Tras las elecciones del 26 de junio, Podemos se ha confirmado como lo que es, pese a su autopropaganda: un tapón reaccionario. Gracias a él (con IU), seguiremos teniendo en el gobierno a un PP sin autocrítica, lo más seguro con Rajoy. Los españoles no querían eso exactamente (¡permítanme que yo entre en el juego de las interpretaciones también!): lo que querían era que no gobernara Podemos. Que en su lugar gobierne el PP era el precio que había que pagar. Caro pero razonable: las circunstancias eran apretadas. Cabían pocas maniobras. Yo al final voté a Ciudadanos, por si se puede empujar un poco en la mejora del PP inevitable. Pero soy escéptico.

Esa es la cuestión: mientras esté Podemos, habrá que poner como prioridad el cortarle el paso. Como haríamos con todo lepenismo o peronismo. Antes de la eclosión del huevo de esta serpiente, podíamos votar con más decisión y desembarazo a las opciones correctoras: UPyD, fundamentalmente, antes de su suicidio.

UPyD sí que luchó contra la corrupción, como ha recordado Savater en esta campaña póstuma. Con nadie fue más duro Rajoy en su debate de investidura que con Rosa Díez. Si tanto les incomodaba la corrupción a los que ahora se lamentan del triunfo del PP, ¿por qué no votaron a UPyD entonces? Acaso porque estaban demasiado ocupados en llamarlo “facha”, o en reventar sus intervenciones en universidades con estudiantes pre-podemitas...

Lo que representaba UPyD –y lo que representa (con menos brío) Ciudadanos– era una oportunidad de cambio y de regeneración razonables, factibles. Un cambio, por cierto, para el que no haría falta reformar la Constitución. Hay cosas más urgentes: promover la independencia de la justicia, implantar una buena ley de educación, despolitizar la administración pública, acabar con el clientelismo de los partidos, establecer controles contra la corrupción más eficaces; entre muchas otras.

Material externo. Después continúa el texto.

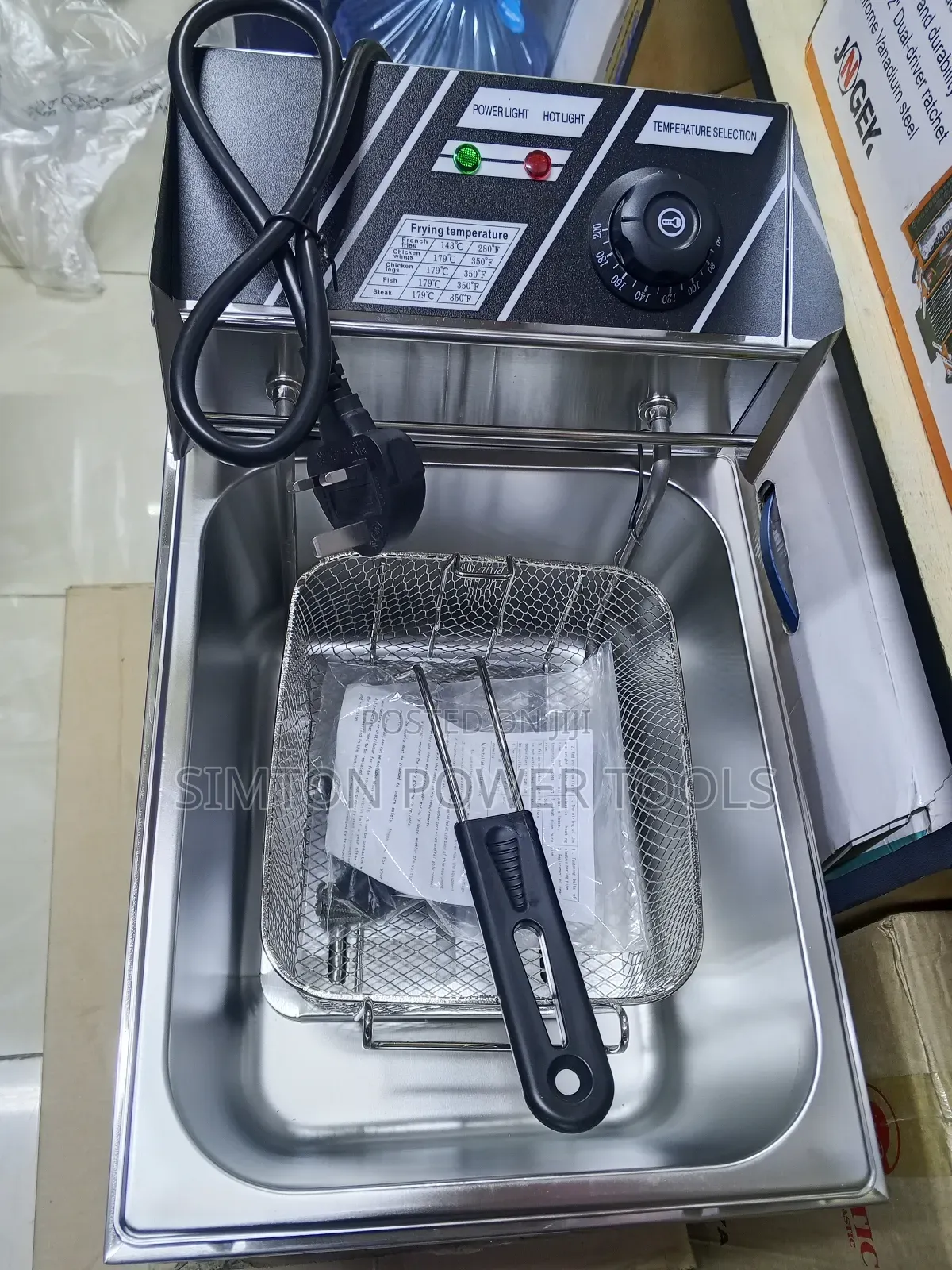 2500w Electric Single Deep Fryer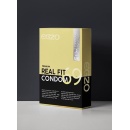 Prezerwatywy Real Fit lateksowe anatomiczne (3 sztuki) - 1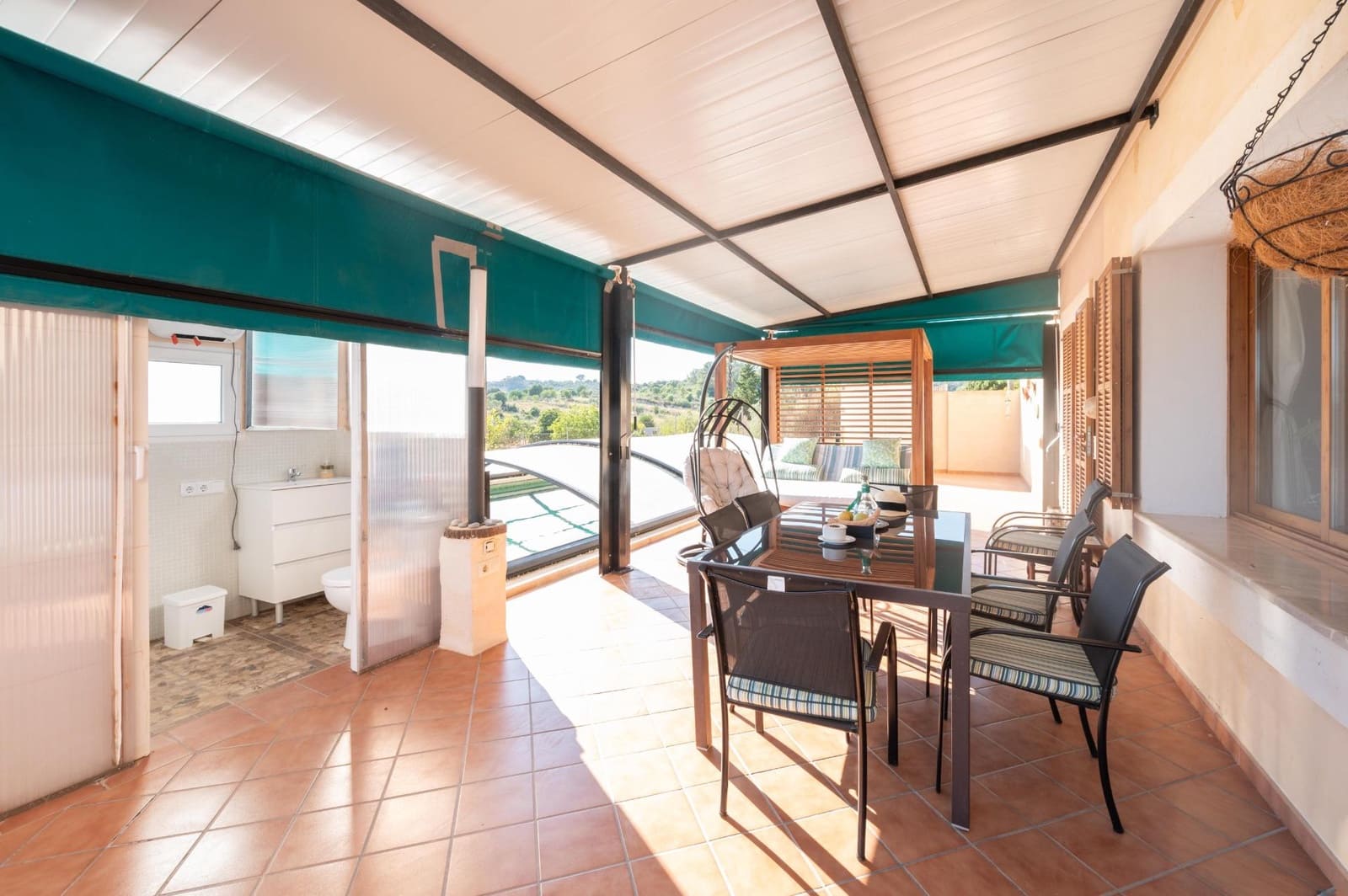 4 sovrum Finca/Hus på landet att hyra i Sineu med pool - 1 900 € (Ref: 9965300)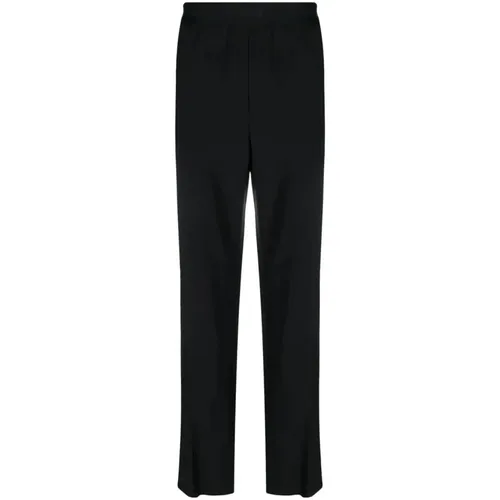 Trousers > Straight Trousers - - Msgm - Modalova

Estos sí serían cambios mejoradores. Solo que trabajosos y de poco lucimiento. Tendrían la épica gris de la realidad y, aunque nuestra situación se haría más razonable, no se desbordaría en risas, abrazos, emociones, ni mucho menos amor. Las efusiones religiosas –que son las que anhelan los de Podemos– solo han traído a la política ruina, represión y crimen. Ese es el miedo: no a lo nuevo, como presume Pablo Iglesias, adornándose insufriblemente, sino a lo viejo, a lo tantas veces visto ya en la historia.

Al meter en un cauce ciego la protesta contra problemas que son reales, Podemos sabotea los intentos realistas de solución. Y al final lo menos malo, por su culpa, es seguir con los mismos problemas, como estaban.